GIVEN INFORMATION:
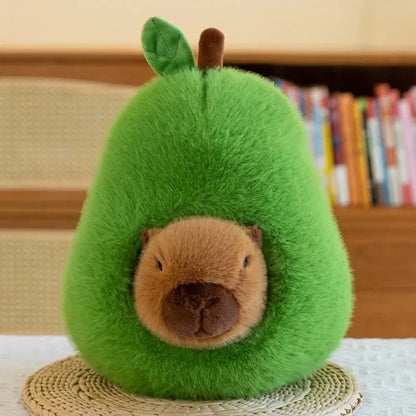 Avocado-Cuddling Capybara Plush Toy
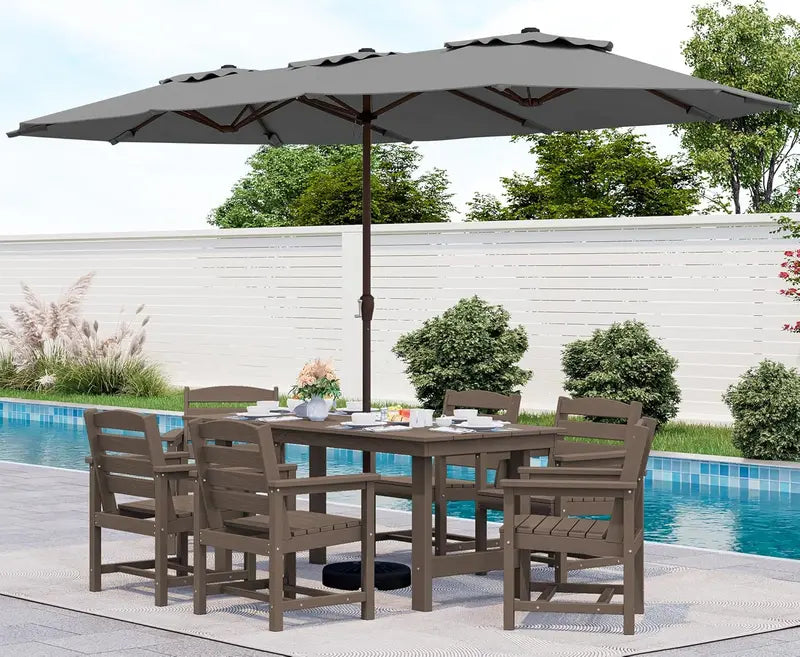 SERWALL 7-Piece Blue HDPE Outdoor Dining Set with Umbrella Hole and Stackable Chairs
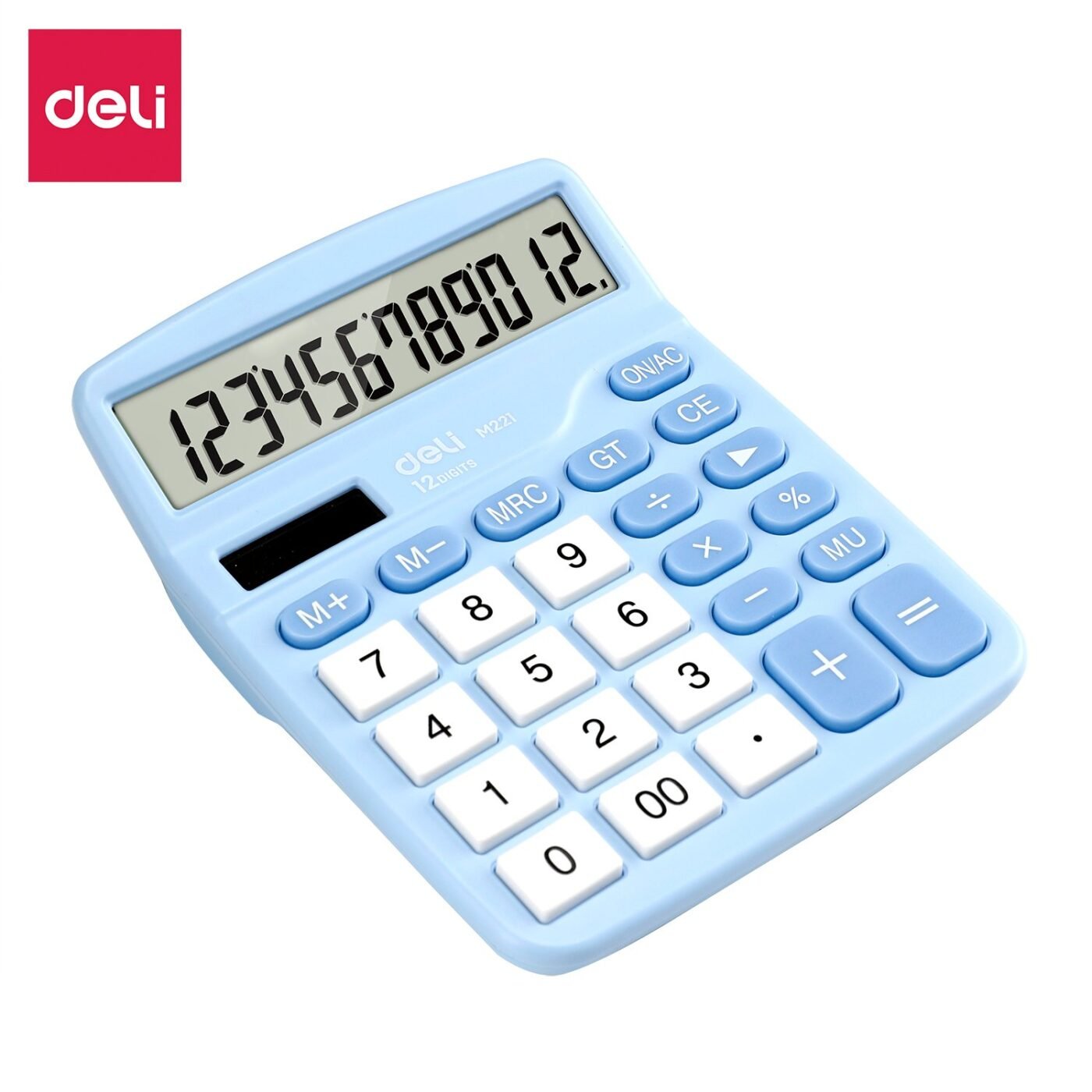 EM221 (1) ديلي ألة حاسبة مكتبية - بدن بلاستيك - 12 خانة - سماوي - فضي - أخضر - EM221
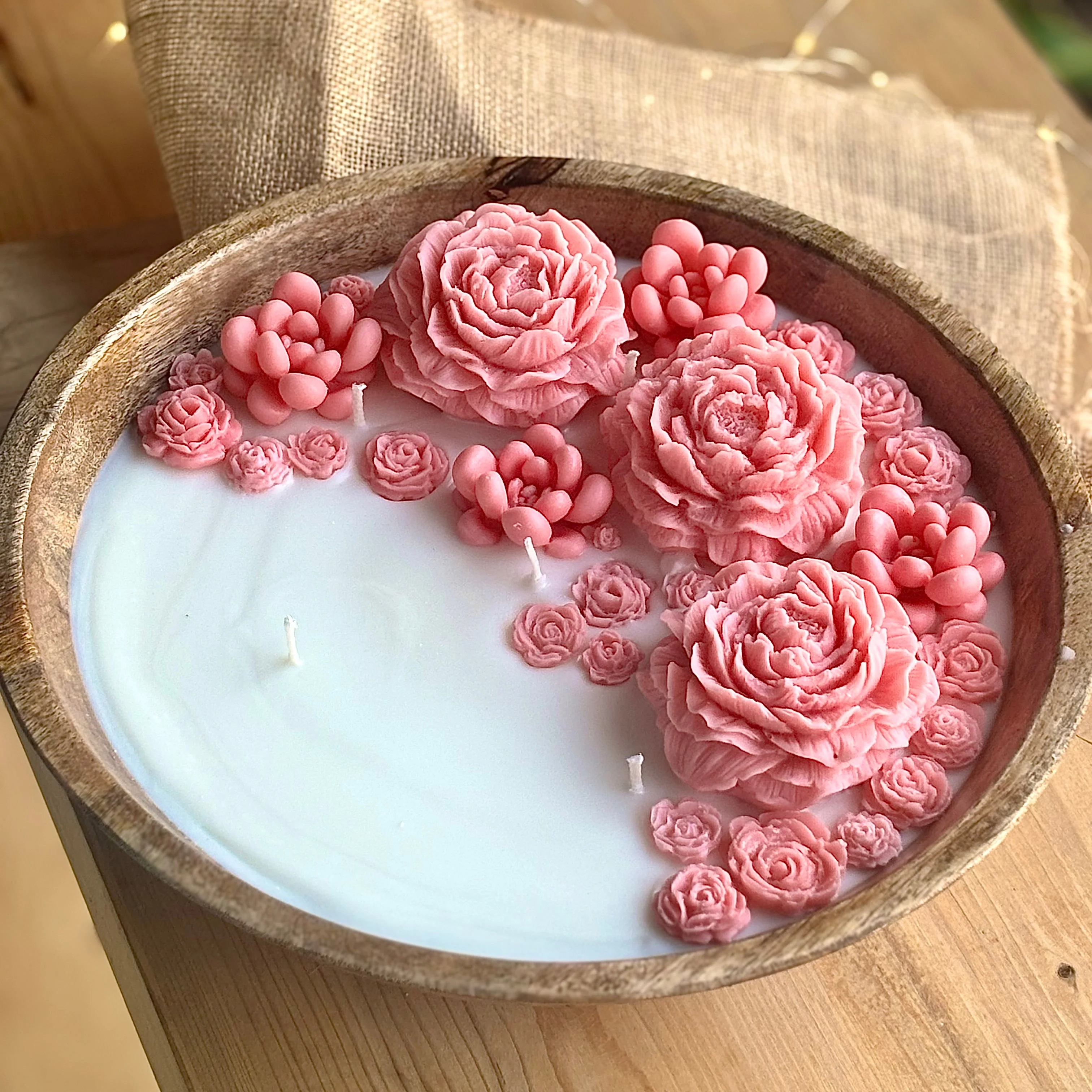 Jumbo Size Pink Peony Soy Scented Candle | 2.5 Kg wax | Festive - Image 4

EXERCISE REQUIREMENTS: A verbatim retyping of the listing, without any pictures, is the expected answer.

TASK SOLUTION:
 Avocado-Cuddling Capybara Plush Toy
 SERWALL 7-Piece Blue HDPE Outdoor Dining Set with Umbrella Hole and Stackable Chairs
 EM221 (1) ديلي ألة حاسبة مكتبية - بدن بلاستيك - 12 خانة - سماوي - فضي - أخضر - EM221
 Jumbo Size Pink Peony Soy Scented Candle | 2.5 Kg wax | Festive - Image 4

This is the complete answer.